Head of the Kyiv City State Administration
- In office 16 November 2010 – 14 December 2013
- Preceded by: Leonid Chernovetskyi
- Succeeded by: Anatoliy Holubchenko (acting)

Minister of Housing and Communal Services
- In office 11 March 2010 – 17 June 2010
- Preceded by: Oleksiy Kucherenko
- Succeeded by: Yuriy Khivrych

Minister of Housing and Communal Services
- In office 21 March 2007 – 18 December 2007
- Preceded by: (post created)
- Succeeded by: Oleksiy Kucherenko

Mayor of Komsomolsk
- In office 1994–2007
- Preceded by: (post created)
- Succeeded by: Serhiy Suprun

Personal details
- Born: Oleksandr Pavlovych Popov 22 November 1960 (age 65) Kryvyi Rih, Ukrainian SSR, Soviet Union
- Party: Party of Regions, Opposition Platform — For Life
- Alma mater: Tyumen Civil Engineering Institute

= Oleksandr Popov =

Ukrainian politician

Oleksandr Pavlovych Popov (Олександр Павлович Попов; born 22 November 1960) is a Ukrainian politician, businessman, former head of the Kyiv City State Administration.

== Biography ==
He graduated Tyumen Civil Engineering Institute and Higher School of the KGB in Kyiv.

From 1982 to 1984, he served in the Soviet Army. From 1984 to 1986, he worked as a foreman of the Kremenchugrudstroy trust. In 1987 he was a foreman of the repair and construction department of Poltava GOK.

In 1987–1991, he served in a KGB unit of Support for the economy. Until 1993, he served in Security Service of Ukraine. Has is ranked reserve lieutenant colonel.

In 1993–1994, he was the head of the marketing department, vice-president for marketing and economics of construction concern Inkomstroy. In 1994 Oleksandr Popov won the election of the mayor of Komsomolsk (in 2016, the town was renamed Horishni Plavni) of the Poltava region. He stayed in this position until 2007.

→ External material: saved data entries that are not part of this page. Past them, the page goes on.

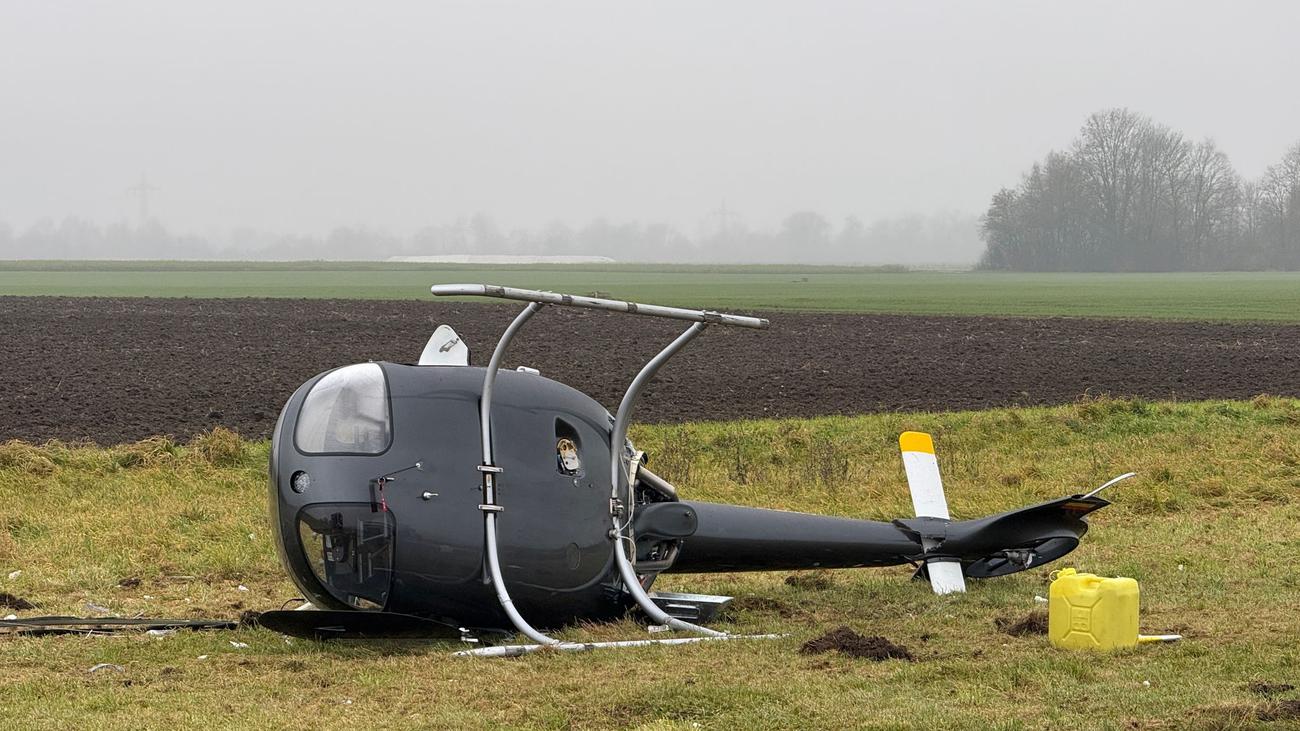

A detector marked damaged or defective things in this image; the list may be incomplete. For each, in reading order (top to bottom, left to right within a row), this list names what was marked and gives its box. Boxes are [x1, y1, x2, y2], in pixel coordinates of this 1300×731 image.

bent rotor mast [430, 284, 768, 656]
crashed helicopter [256, 284, 1120, 656]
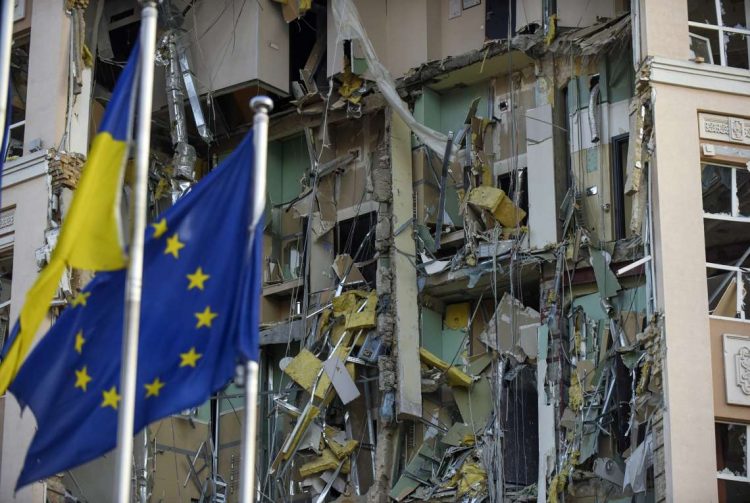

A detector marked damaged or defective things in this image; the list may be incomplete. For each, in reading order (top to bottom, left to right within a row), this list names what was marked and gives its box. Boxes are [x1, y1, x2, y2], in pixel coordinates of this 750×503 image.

shattered window [692, 0, 748, 68]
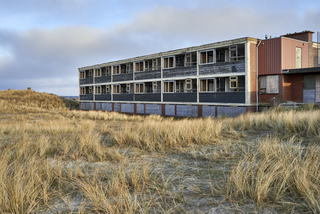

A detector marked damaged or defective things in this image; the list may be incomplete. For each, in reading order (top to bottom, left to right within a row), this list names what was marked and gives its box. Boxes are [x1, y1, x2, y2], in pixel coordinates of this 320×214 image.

rusted metal panel [258, 37, 282, 75]
broken window [260, 76, 280, 94]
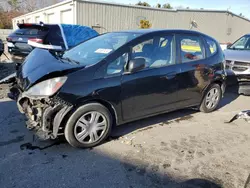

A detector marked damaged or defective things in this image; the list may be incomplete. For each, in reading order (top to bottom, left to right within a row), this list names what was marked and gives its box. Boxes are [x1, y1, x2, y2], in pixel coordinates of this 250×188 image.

broken headlight [24, 76, 67, 97]
crumpled hood [16, 48, 80, 90]
detached front bumper [9, 86, 72, 140]
damaged front end [13, 88, 72, 140]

In 1995–2006, he was deputy chairman of the board, Head of the Association of Cities in Poltava Region. In 1998–2000, he was a member of the Coordination Council on Local Self-Government Issues under President Leonid Kuchma. In 2007, he headed the Ministry of Housing and Utilities in the government of Mykola Azarov, and held this position for seven months. In the Verkhovna Rada of the 6th convocation, from December 2007 to March 2010, he was People's Deputy from the Party of Regions. He passed through the list of the party at number 97.

Traditionally, the elected mayor of Kyiv also automatically became chair of Kyiv City Council and head of the city's state administration (i.e. head of government). However, following dispute between the mayor and the president in 2010, President Viktor Yanukovych asked the parliament to give him the power to appoint the head of the state administration. Parliament acquiesced, and mayor Leonid Chernovetskyi was dismissed from the state administration and replaced with presidential appointee Popov. Though Chernovetskyi remained the mayor, effective power then started to rests with the appointee Popov, not mayor Chernovetskyi. Kyiv then did not have an elected mayor until mayor Vitali Klitschko was sworn in on 5 June 2014.

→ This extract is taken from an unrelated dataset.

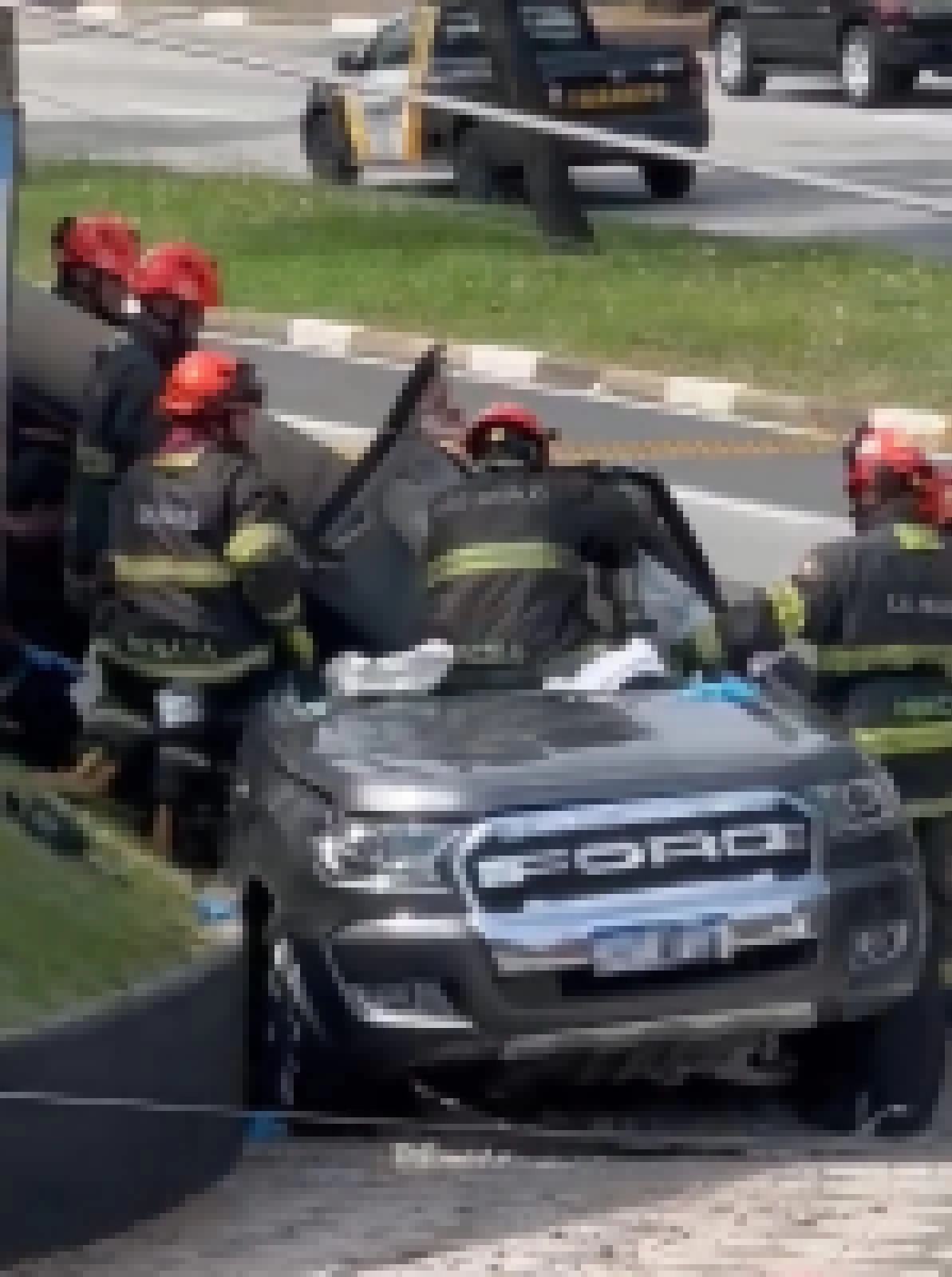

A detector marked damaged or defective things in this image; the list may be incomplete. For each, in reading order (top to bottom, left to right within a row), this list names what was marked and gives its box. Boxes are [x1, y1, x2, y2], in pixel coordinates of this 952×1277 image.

crumpled hood [263, 690, 857, 817]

Among his merits as the head of the Kyiv City State Administration, Popov listed the opening of five new metro stations, two museums and one library, the construction of road junctions, the launch of a city train, the repair of five schools and 30 kindergartens.

On 14 December 2013 President Viktor Yanukovych suspended Popov. The same day the General Prosecutor of Ukraine's Office handed "a notification on suspicion of abuse of power when ordering the Euromaidan police actions of 30 November 2013" out to Popov and Anatoliy Holubchenko was appointed as acting Head of Kyiv City Administration.

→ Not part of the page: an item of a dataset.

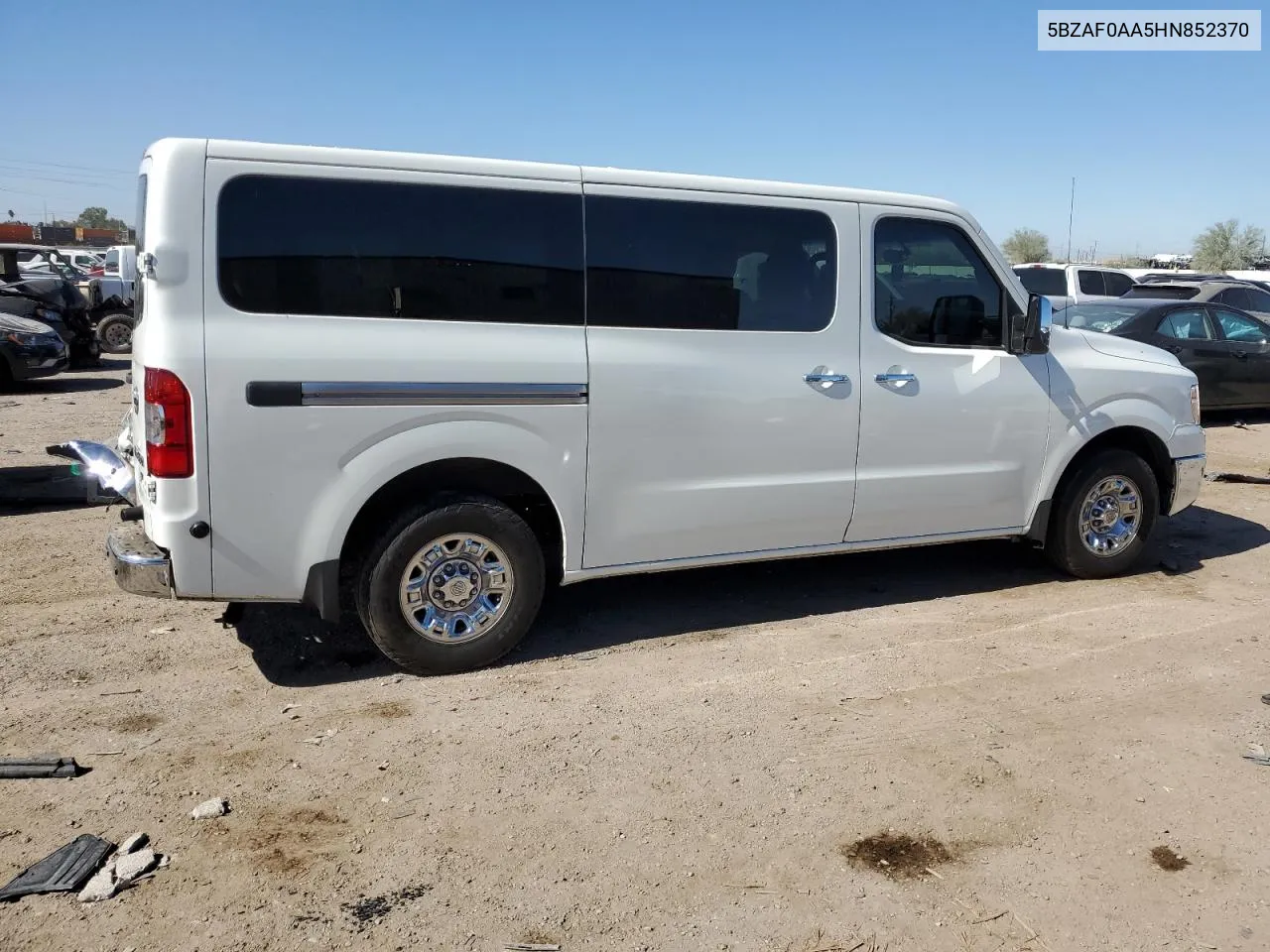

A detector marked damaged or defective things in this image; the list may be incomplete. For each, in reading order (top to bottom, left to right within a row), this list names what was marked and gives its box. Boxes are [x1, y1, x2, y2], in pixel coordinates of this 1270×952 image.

The trial against Popov is ongoing since late 2013. In it Popov denies any wrongdoing. Since the trial he has started an export company aimed at EU markets.

In the 2019 Ukrainian parliamentary election Popov was a self-nominated candidate in Kyiv's electoral constituency 212 (located in Darnytskyi District). In the election Popov was not elected to parliament since he gained fourth place with 9.52% of the votes (the constituency was won by Maksym Perebyinis of the Servant of the People party with 34.43%).

In the 2020 Kyiv local election (set for 25 October 2020) Popov was a candidate for Mayor of Kyiv nominated by Opposition Platform — For Life. In the election he received 68,757 votes, securing second place but losing the election to incumbent Mayor Vitali Klitschko who was re-elected in the first round of the election with 50.52% of the votes, 365,161 people had voted for him.

== Wealth ==
According to the 2012 declaration, Olexandr Popov owns two apartments (71 and 43 sq.m.). His family members have an apartment in Kyiv (86 sq.m.) and a land plot (529 sq.m.).

In the declaration, he also mentioned a Lexus ES car (2007) and a bank account with UAH 168,000.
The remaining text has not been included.